Advice on muscle-building diets and workouts could be part of standard care for people on Ozempic. “Rationally, I would say we should do this,” Wadden, who was a member of the research team for the STEP 1 and STEP 3 studies, told me. Still, he acknowledged that the evidence for this approach is not yet complete. Wadden has been studying lifestyle interventions for people with obesity for decades. Some of this research found that adding strength training and aerobic exercise to very strict diets did nothing to prevent the disappearance of lean body mass. The people who did these workouts were “really swimming against the tide” of the effects of rapid weight loss, he told me. Other obesity researchers have disputed the idea that muscle loss is even a problem. A current paper from the Journal of the American Medical Association argues that the link between physical frailty and GLP-1 drugs is not supported by the data, noting that if someone loses more than half the weight taking Ozempic to be fat, they will certainly end up with more Muscle to fat ratio than before.

Doctors still don’t fully understand why people who take GLP-1 lose so much weight to begin with. Ozempic may be working on its own to encourage different eating habits, Wadden told me. “The drug dramatically changes your diet without much conscious effort,” he said. “How is it changing? We don’t know.” People who take the drug may end up eating less overall despite sticking to their previous diet: say, one Pop-Tart for dinner instead of five. (In this case, meetings with a nutritionist would be very helpful.) But the drugs could also help change people’s tastes. “Suddenly you like more fruits and vegetables,” Wadden said, “and you like lean proteins.” Similar questions could arise about exercise: just the act of losing a lot of weight could lead someone to do more physical activity , regardless of whether he has access to a gym or spends time with a trainer. The studies that could clarify this have not yet been carried out.

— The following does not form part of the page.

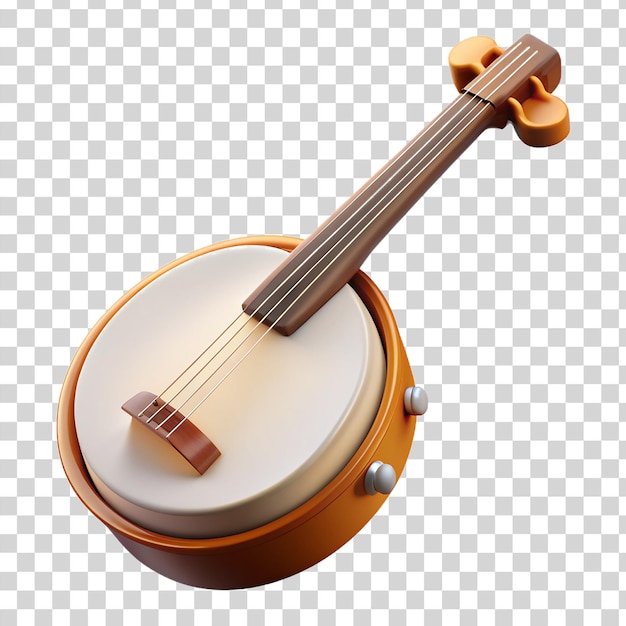 3d-cartoon-banjo isoliert auf durchsichtigem hintergrund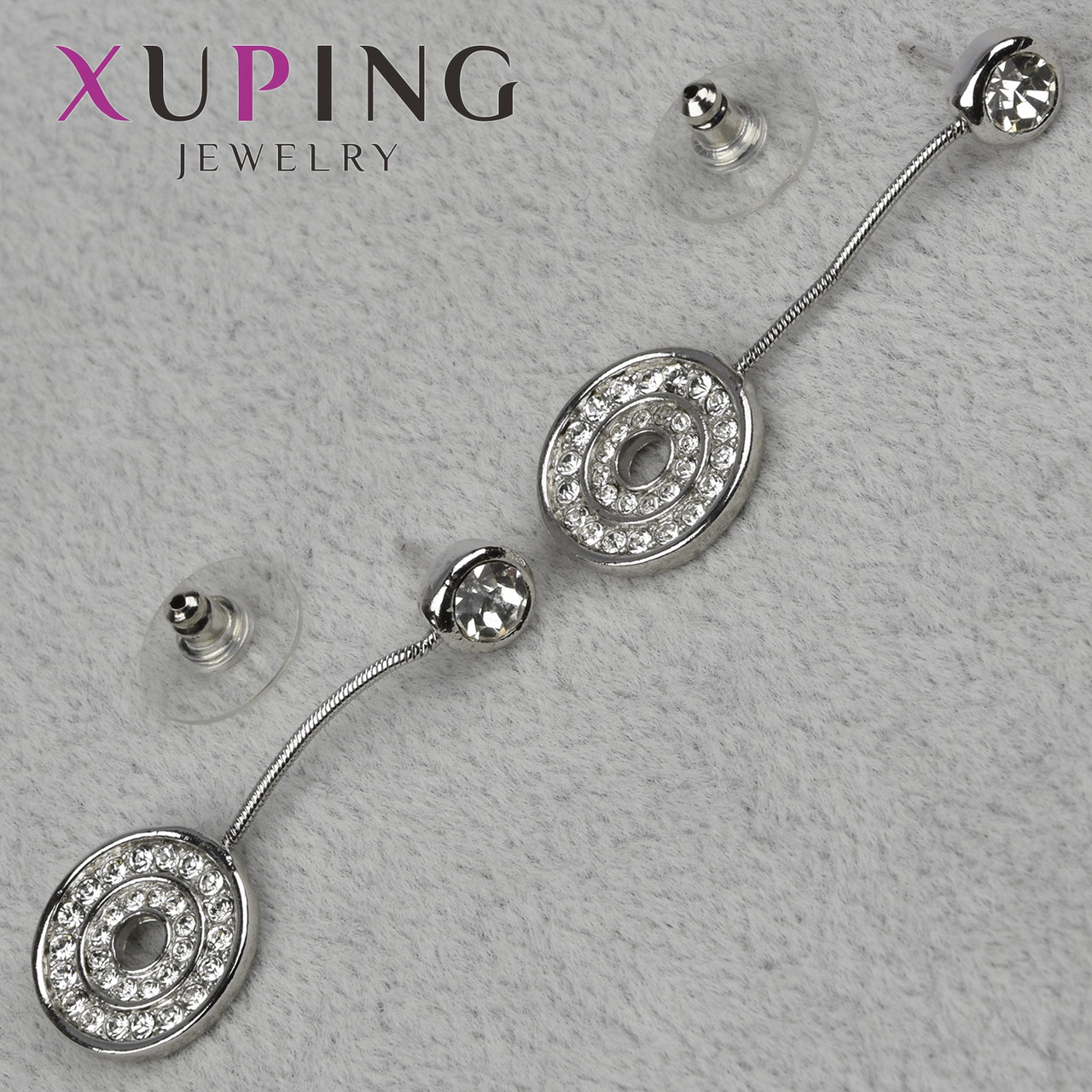 Серьги пуссеты гвоздики серебристого цвета размер 40х14 мм фирма Xuping Jewelry с хрустальными камушками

Wadden, like many other doctors, remains convinced that diet and exercise should continue to be the standard treatment for people who are overweight or moderately obese. But for people who need to lose more weight — say, the tens of millions of Americans whose BMI is over 35 — he now believes the rules are changing. For this group, he said, “I no longer believe that lifestyle change is the cornerstone of obesity treatment.”